Could you repeat every entry below word for word, leaving out the pictures?

"""

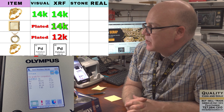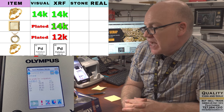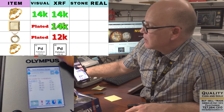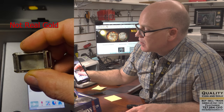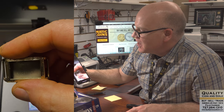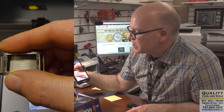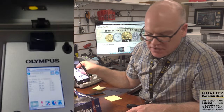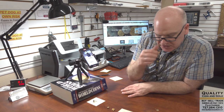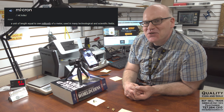This is where XRF machines fail — we can see that it's giving us a solid 14 karat reading, but it's not 14 karat; it's 14 karat gold fill. The reason it fooled the machine is the machine only goes a couple microns deep at best. A micron is a very, very small unit of measurement — it's just plating. So XRF machines are great tools, but they don't read through heavy plating or gold fill.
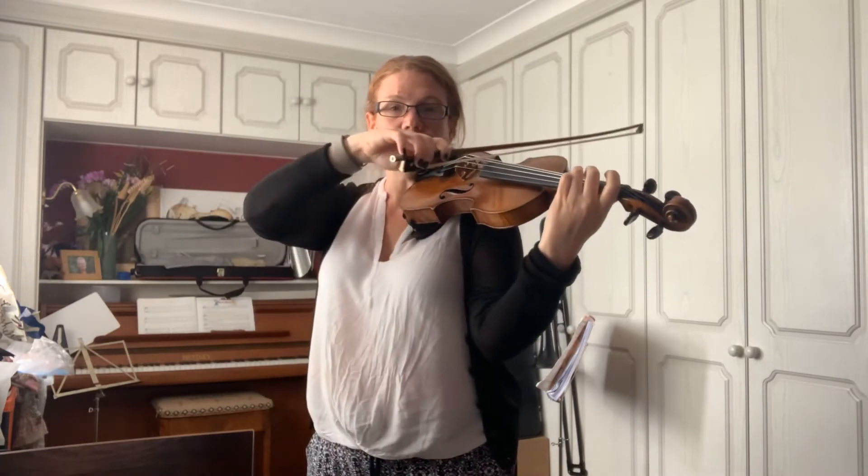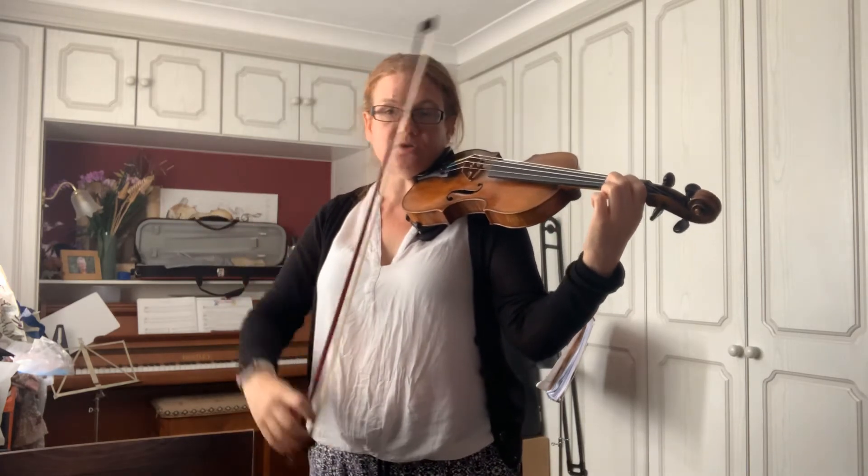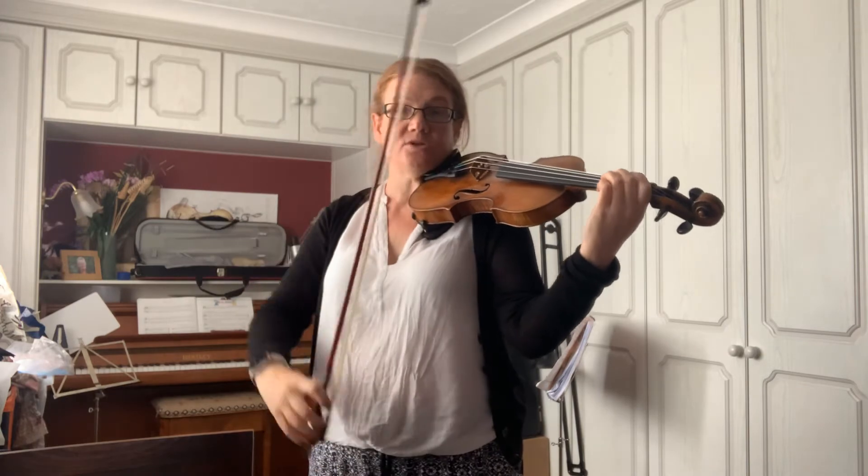You're going from third finger up to a C natural on the A string. I'll do that again for you, and this time I'm going to do it slurred.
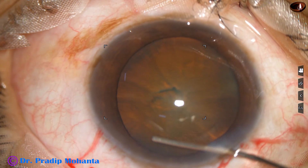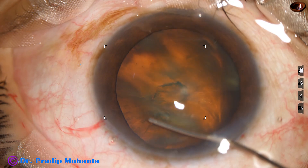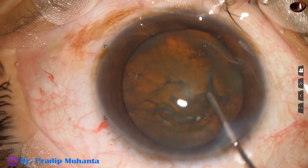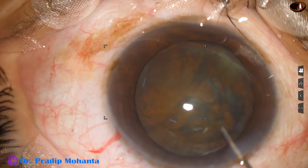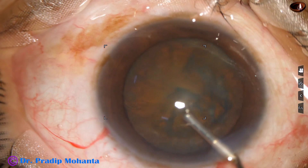And now, hydrodissection. The patient is diabetic, and in such cases the lens fibers are sticky — it means the fibers resist separation.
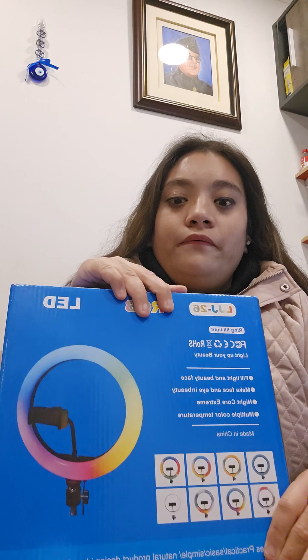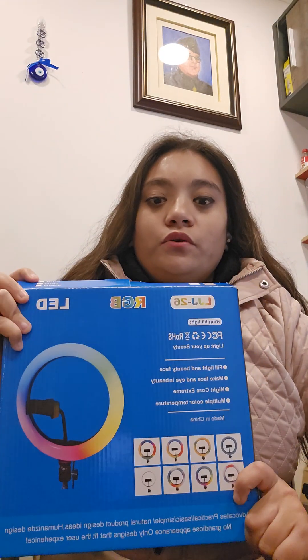Hello friends, welcome back to my YouTube channel. I will tell you about my unboxing video. This is my ring light, which cost 22000. I will show you this — it is my ring light for making a video.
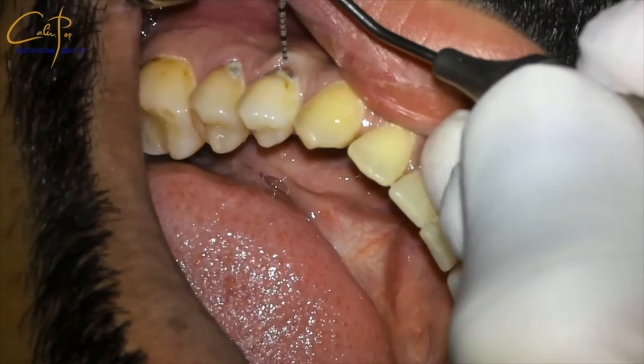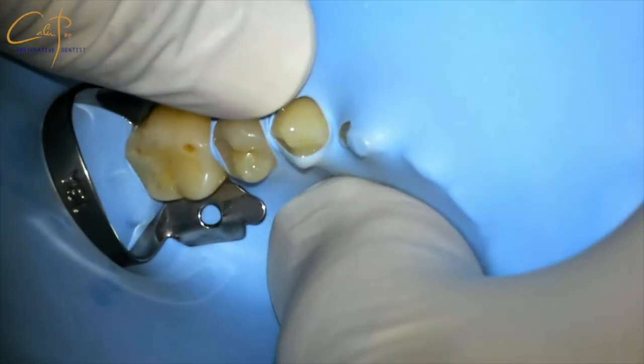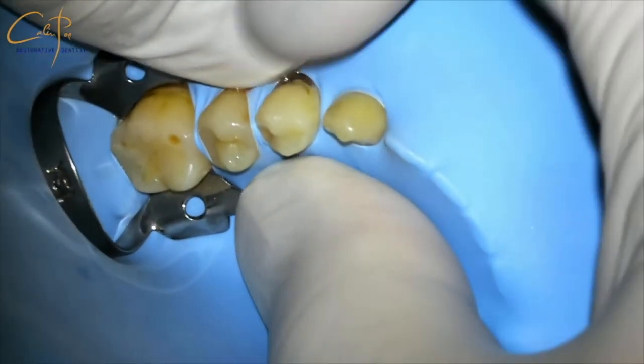First of all, I am using a periodontal probe to evaluate the depth of the sulcus. The index finger of the left hand is supporting the clamp to have more control and to safely place the clamp without traumatizing the gum. I distribute each hole to each tooth to be exposed and ask my assistant to take over.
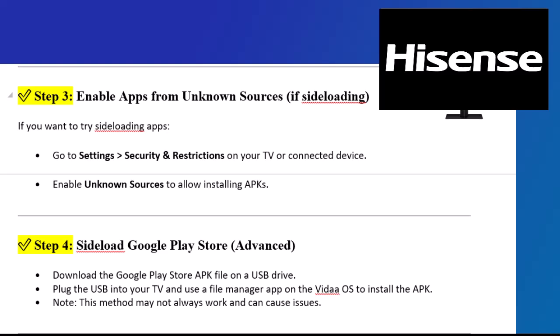Step 4: Sideload Google Play Store (Advanced). Download the Google Play Store APK file on a USB drive. Plug the USB into your TV and use a file manager app on the Vita OS to install the APK. Note: this method may not always work and can cause issues.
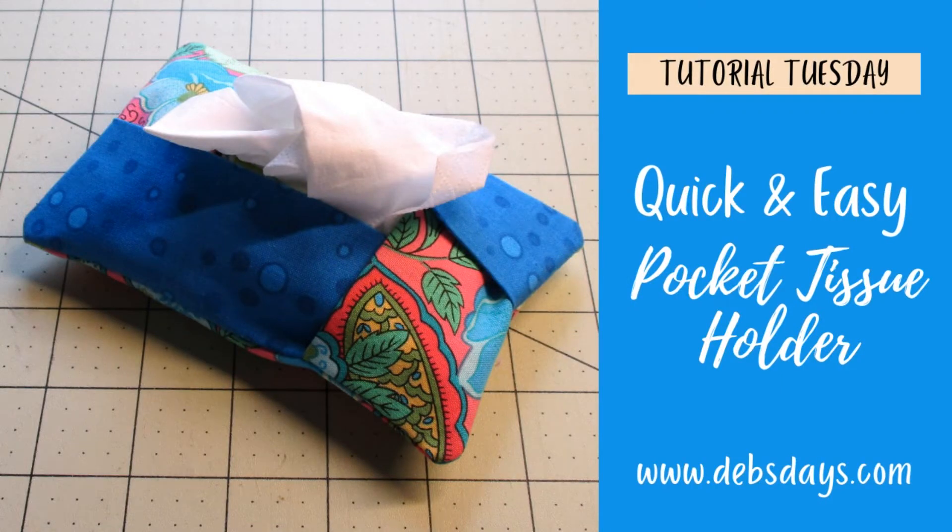Hi, it's Deb from Deb's Days. It's Tutorial Tuesday and I have another project for you today. Today we're making a quick and easy — like super quick and super easy — pocket tissue holder. It's a great project for beginners and great to give as gifts as well.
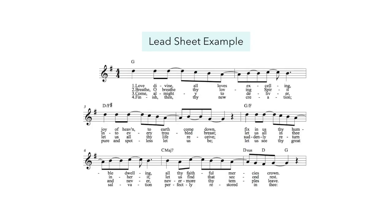Here's an example of what a lead sheet looks like. It may be used for solo playing, to accompany an ensemble, or to support congregational singing. When reading from a lead sheet, you'll most often play the melody mostly with your right hand pinky, and then fill in the rest of the chord tones with your remaining right hand fingers, and then reserve the bass line for your left hand using the chord symbols to guide you.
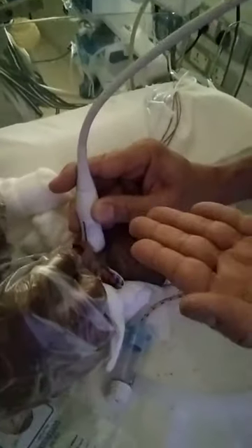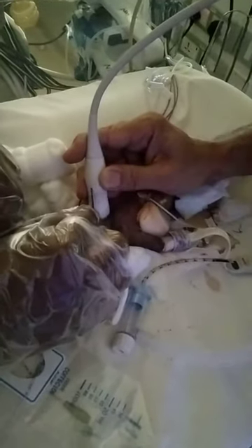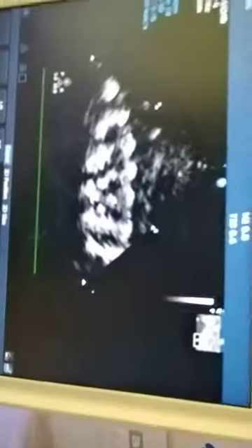You can see that the ultrasound is done with the probe placed in the suprasternal space and the marker facing up. It is a longitudinal view, and you can see on the ultrasound machine how I asked him to move the tube in and out.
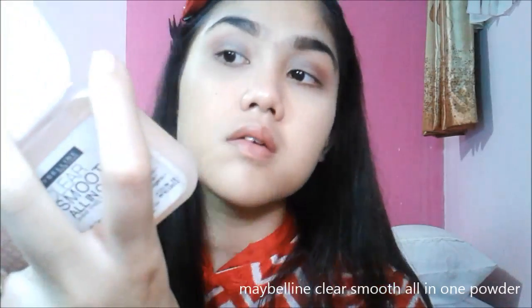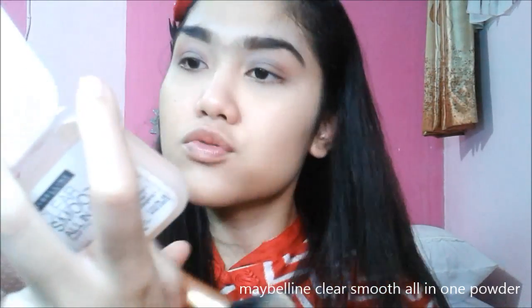To prevent any creasing under my eyes, I'm taking the Benefit Hello Flawless powder and applying that underneath my eyes. To set my entire face, I'm using the Maybelline Clear Smooth All-in-One powder — sorry, my voice is a bit quirky.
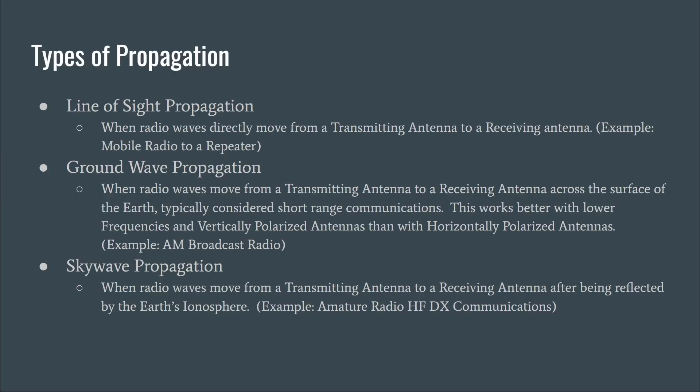The last type is sky wave propagation — what ham radio operators are mostly excited about. This is when radio waves move from a transmitting antenna to a receiving antenna after being reflected by the earth's ionosphere, and the classic example is amateur radio HF DX communication. A signal can actually take more than one bounce off the ionosphere — one hop — where it leaves your station, goes up, reflects off the ionosphere, comes back down to the ground, reflects back up to the sky, and then down to another station.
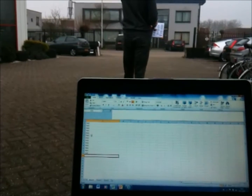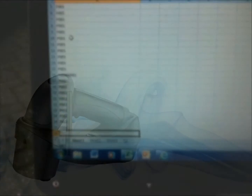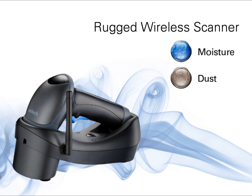The MS840 Bluetooth stores data in a buffer mode while it's out of range of a wireless signal, uploading data when it gets back in range. The scanner maintains its high performance in any environment due to an IP42 sealing against moisture and dust, and the ability to withstand multiple 1.8-meter drops onto concrete.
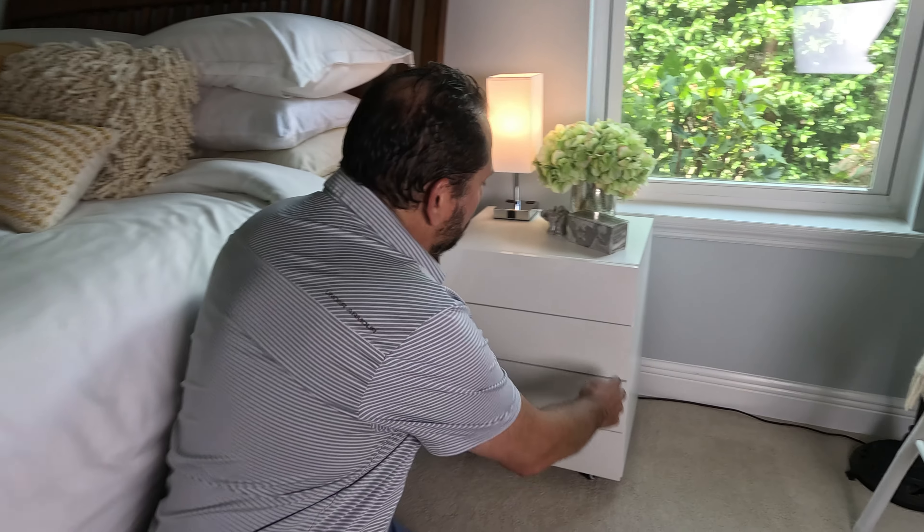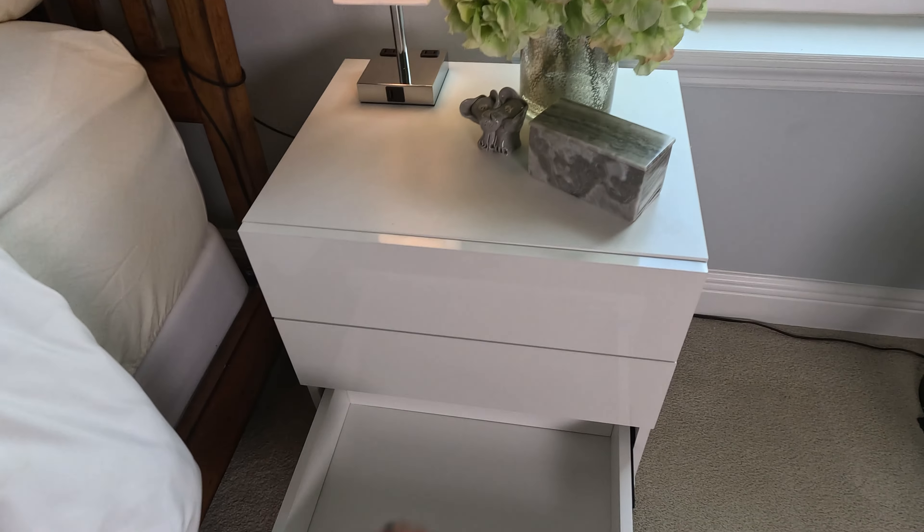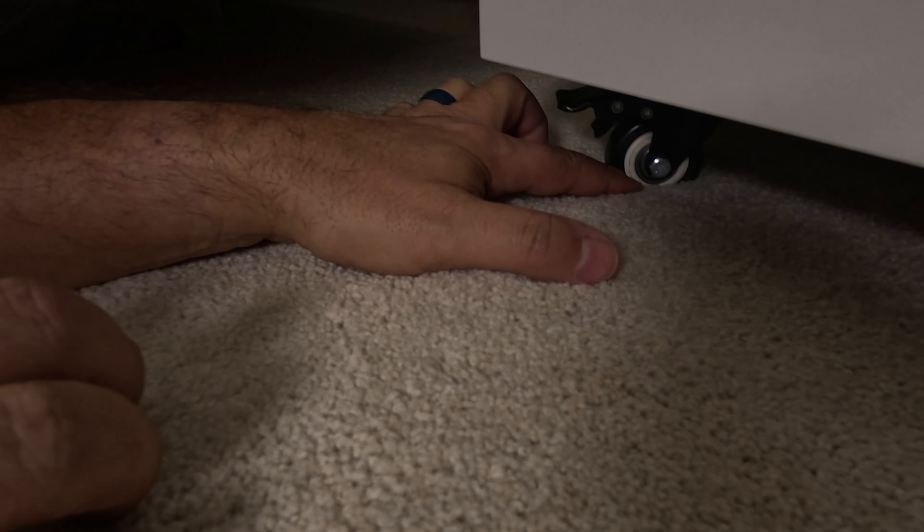Let me show you a couple things. The drawers themselves work really nicely — they're a nice size, nice and smooth. And on the bottom, it has wheels, obviously. It's not so much of a big deal; you can see it's already sunk into our carpet a bit.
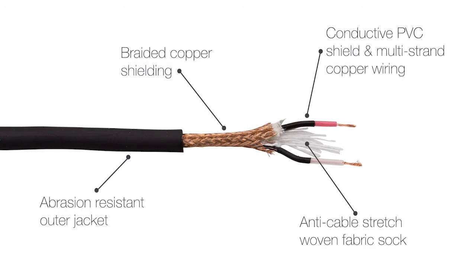In the business end, we have multi-strand copper wiring with conductive PVC coating. Step outside that and you'll see a fabric sock that we've inserted to combat cable stretch, and the high quality braided copper shielding.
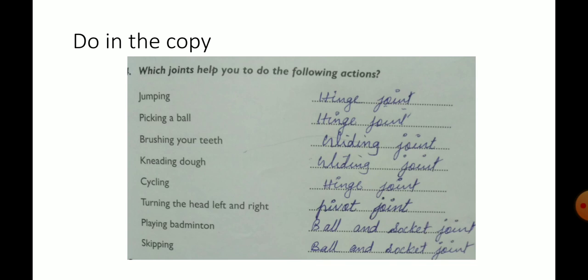Which joints help you to do the following actions? First one: jumping — hinge joint. Picking a ball — hinge joint. Brushing your teeth — gliding joint. Kneading dough — gliding joint. Cycling — hinge joint.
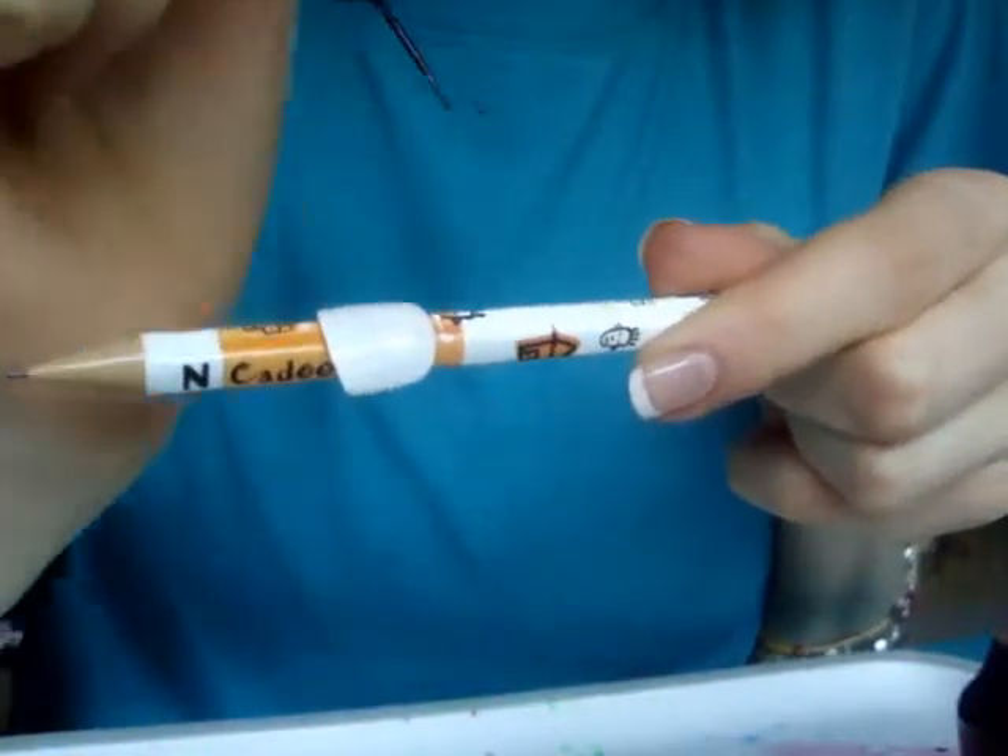It needs to have a tip like this — a nice fine line tip. Then basically you're going to do random lines, like this.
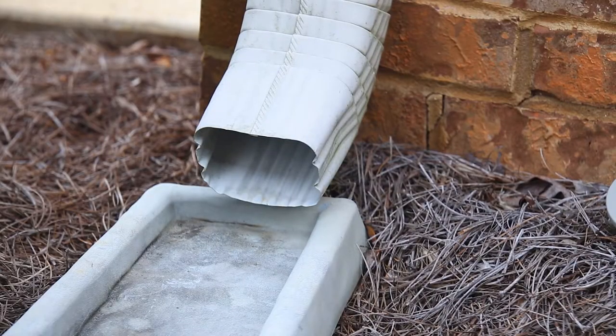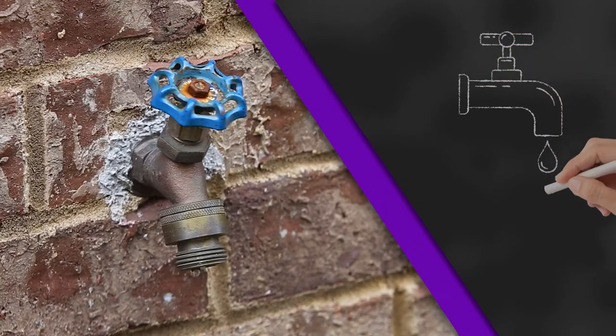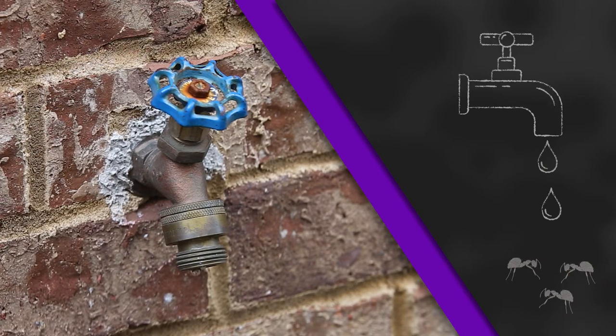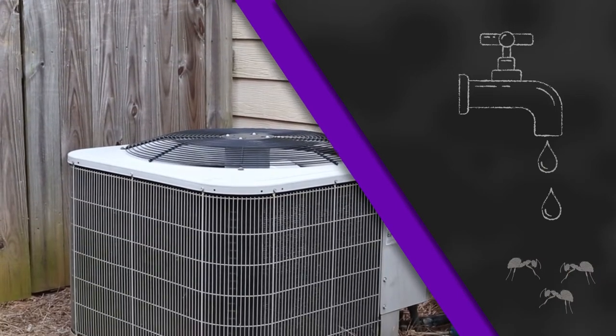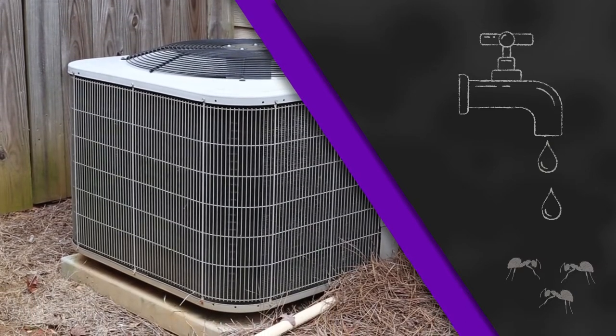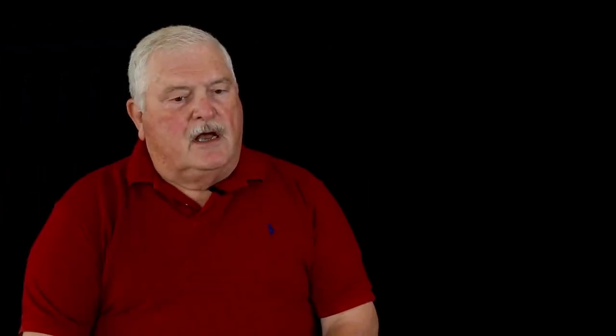We also ask them to modify any type of drainage, because since the Tawny Crazy Ant loves moisture, if there's a lot of water that comes out from either air conditioners or other things around the property, it's going to be a damp area, especially if you have rocks or something in that type of area. A lot of times you can't get a good treatment around the house due to the presence of so much foliage.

"""

• **Written answer**:
This is where XRF machines fail — we can see that it's giving us a solid 14 karat reading, but it's not 14 karat; it's 14 karat gold fill. The reason it fooled the machine is the machine only goes a couple microns deep at best. A micron is a very, very small unit of measurement — it's just plating. So XRF machines are great tools, but they don't read through heavy plating or gold fill.
You're going from third finger up to a C natural on the A string. I'll do that again for you, and this time I'm going to do it slurred.
And now, hydrodissection. The patient is diabetic, and in such cases the lens fibers are sticky — it means the fibers resist separation.
Hello friends, welcome back to my YouTube channel. I will tell you about my unboxing video. This is my ring light, which cost 22000. I will show you this — it is my ring light for making a video.
First of all, I am using a periodontal probe to evaluate the depth of the sulcus. The index finger of the left hand is supporting the clamp to have more control and to safely place the clamp without traumatizing the gum. I distribute each hole to each tooth to be exposed and ask my assistant to take over.
Step 4: Sideload Google Play Store (Advanced). Download the Google Play Store APK file on a USB drive. Plug the USB into your TV and use a file manager app on the Vita OS to install the APK. Note: this method may not always work and can cause issues.
Hi, it's Deb from Deb's Days. It's Tutorial Tuesday and I have another project for you today. Today we're making a quick and easy — like super quick and super easy — pocket tissue holder. It's a great project for beginners and great to give as gifts as well.
Here's an example of what a lead sheet looks like. It may be used for solo playing, to accompany an ensemble, or to support congregational singing. When reading from a lead sheet, you'll most often play the melody mostly with your right hand pinky, and then fill in the rest of the chord tones with your remaining right hand fingers, and then reserve the bass line for your left hand using the chord symbols to guide you.
You can see that the ultrasound is done with the probe placed in the suprasternal space and the marker facing up. It is a longitudinal view, and you can see on the ultrasound machine how I asked him to move the tube in and out.
To prevent any creasing under my eyes, I'm taking the Benefit Hello Flawless powder and applying that underneath my eyes. To set my entire face, I'm using the Maybelline Clear Smooth All-in-One powder — sorry, my voice is a bit quirky.
The last type is sky wave propagation — what ham radio operators are mostly excited about. This is when radio waves move from a transmitting antenna to a receiving antenna after being reflected by the earth's ionosphere, and the classic example is amateur radio HF DX communication. A signal can actually take more than one bounce off the ionosphere — one hop — where it leaves your station, goes up, reflects off the ionosphere, comes back down to the ground, reflects back up to the sky, and then down to another station.
The MS840 Bluetooth stores data in a buffer mode while it's out of range of a wireless signal, uploading data when it gets back in range. The scanner maintains its high performance in any environment due to an IP42 sealing against moisture and dust, and the ability to withstand multiple 1.8-meter drops onto concrete.
Let me show you a couple things. The drawers themselves work really nicely — they're a nice size, nice and smooth. And on the bottom, it has wheels, obviously. It's not so much of a big deal; you can see it's already sunk into our carpet a bit.
In the business end, we have multi-strand copper wiring with conductive PVC coating. Step outside that and you'll see a fabric sock that we've inserted to combat cable stretch, and the high quality braided copper shielding.
Which joints help you to do the following actions? First one: jumping — hinge joint. Picking a ball — hinge joint. Brushing your teeth — gliding joint. Kneading dough — gliding joint. Cycling — hinge joint.
It needs to have a tip like this — a nice fine line tip. Then basically you're going to do random lines, like this.
We also ask them to modify any type of drainage, because since the Tawny Crazy Ant loves moisture, if there's a lot of water that comes out from either air conditioners or other things around the property, it's going to be a damp area, especially if you have rocks or something in that type of area. A lot of times you can't get a good treatment around the house due to the presence of so much foliage.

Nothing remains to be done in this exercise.